Manufaktur Jago Kandang
Adapun, Ketua Umum Asoasiasi Pengusaha Indonesia Shinta W Kamdani menggarisbawahi kinerja manufaktur Indonesia saat ini cenderung sangat tergantung pada kinerja pasar domestik alias 'jago kandang'. Menurutnya, tidak banyak industri manufaktur lokal yang bersaing di pasar global.
Dengan situasi tersebut, Shinta berpendapat, peningkatan efisiensi beban usaha bisa dilakukan dengan berbagai cara, seperti; reformasi struktural terhadap jasa-jasa yang berhubungan dengan sektor energi, logistik dan finansial.
"Semua parameter beban [pricing, lead time, suku bunga pinjaman, dan lain-lain] harus dibuat sedekat mungkin dengan rata-rata parameter beban tersebut di antara Asean-5 [Indonesia, Malaysia, Filipina, Singapura, Thailand], ujar Shinta kepada Bloomberg Technoz, awal Oktober.
Shinta tidak menampik pelaku usaha masih bisa bernapas lega karena inflasi beban usaha yang lebih terkendali pada September. Namun, di sisi lain, pengusaha juga sangat khawatir terhadap konsumsi atau permintaan pasar domestik yang masih terus rendah atau sluggish.
Tak luput, Shinta juga mendesak pemerintah untuk serius membantu memberdayakan industri dalam negeri dalam menciptakan lebih banyak industri manufaktur yang berorientasi ekspor.
Hal ini bisa dilakukan dengan membantu adopsi teknologi manufaktur baru yang lebih efisien, ramah lingkungan untuk meningkatkan produktivitas industri nasional dengan beban usaha yang lebih rendah dan daya saing di pasar global yang baik.

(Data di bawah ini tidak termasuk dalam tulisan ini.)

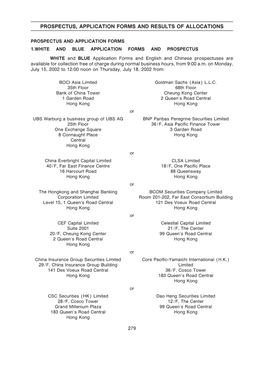 Prospectus, Application Forms and Results of Allocations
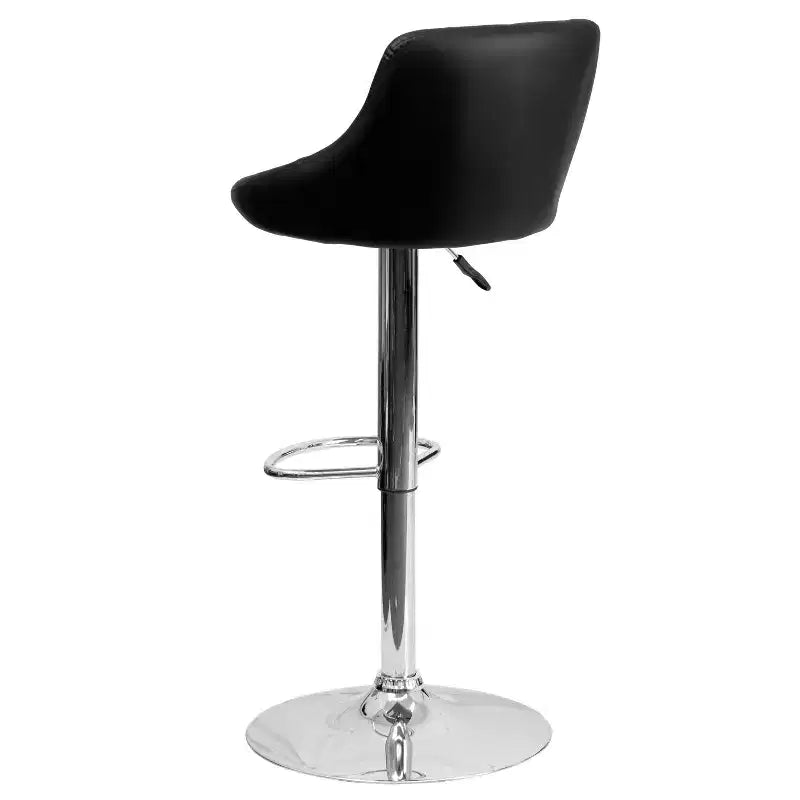 Tabouret de bar contemporain Flash Furniture avec siège baquet en vinyle, dossier à motif losanges et piètement chromé, réglable en hauteur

Selanjutnya, pemerintah juga bisa membantu dengan memfasilitasi rantai pasok yang bersih atau green supply chain di Indonesia agar produksi industri manufaktur nasional mendapatkan prioritas oleh pasar global dan memenuhi persyaratan pasar dari negara-negara yang mengembangkan berbagai aturan impor berdasarkan isu keberlanjutan atau sustainability.

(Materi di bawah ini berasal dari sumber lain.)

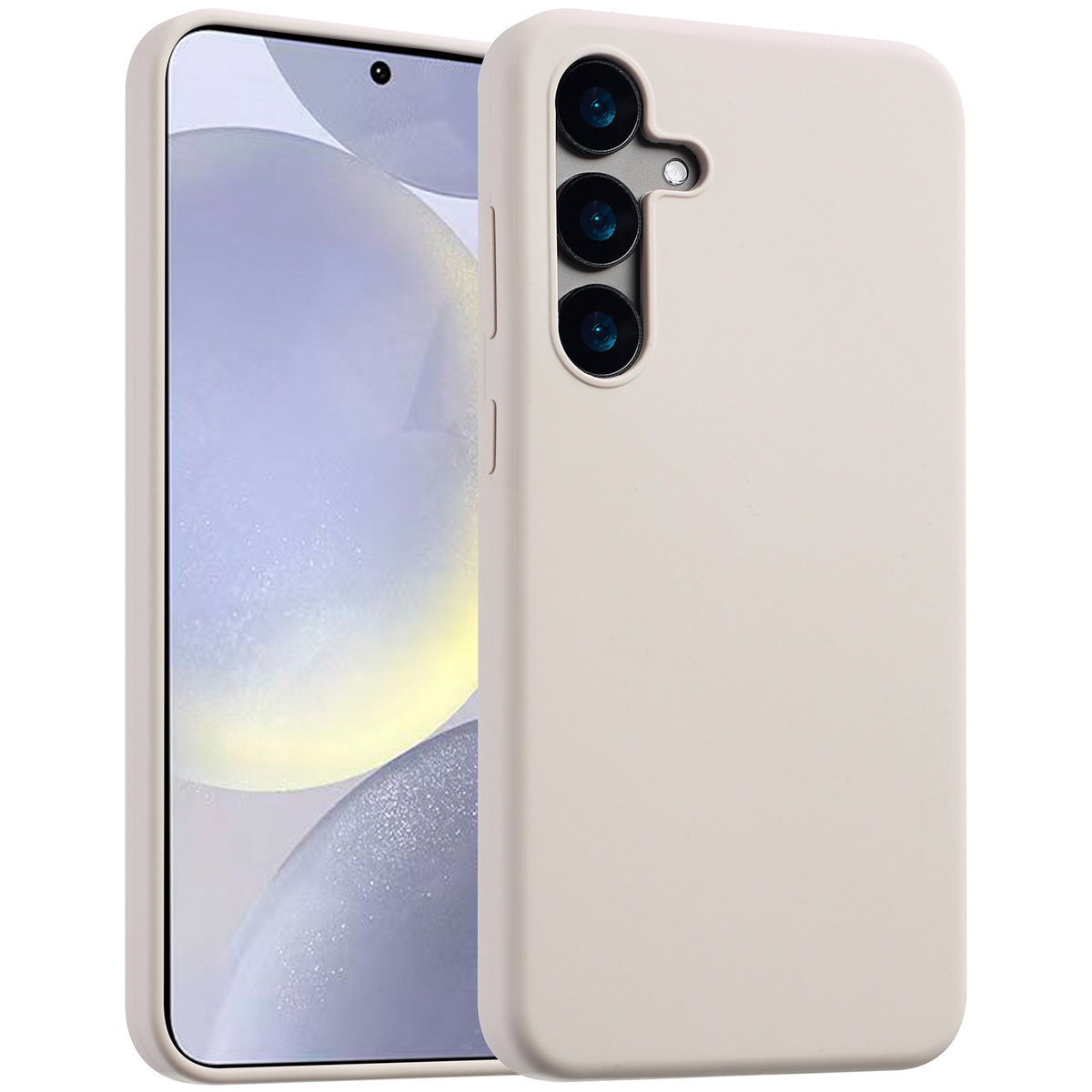Un smartphone et un étui beiges sont affichés. Le téléphone est visible, avec l'étui à côté. L'étui a trois objectifs d'appareil photo.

Pada saat yang sama, kata Shinta, diperlukan juga pengembangan dan pemberdayaan terhadap industri kecil menengah (IKM) yang berorientasi pada penciptaan rantai pasok domestik yang lebih kuat dan lebih efisien.
"Dengan demikian, usaha mikro, kecil dan menengah [UMKM] dan IKM nasional dapat turut berpartisipasi dalam peningkatan kinerja industri nasional sebagai bagian dari supply chain industri, termasuk industri manufaktur yang berorientasi ekspor," tuturnya.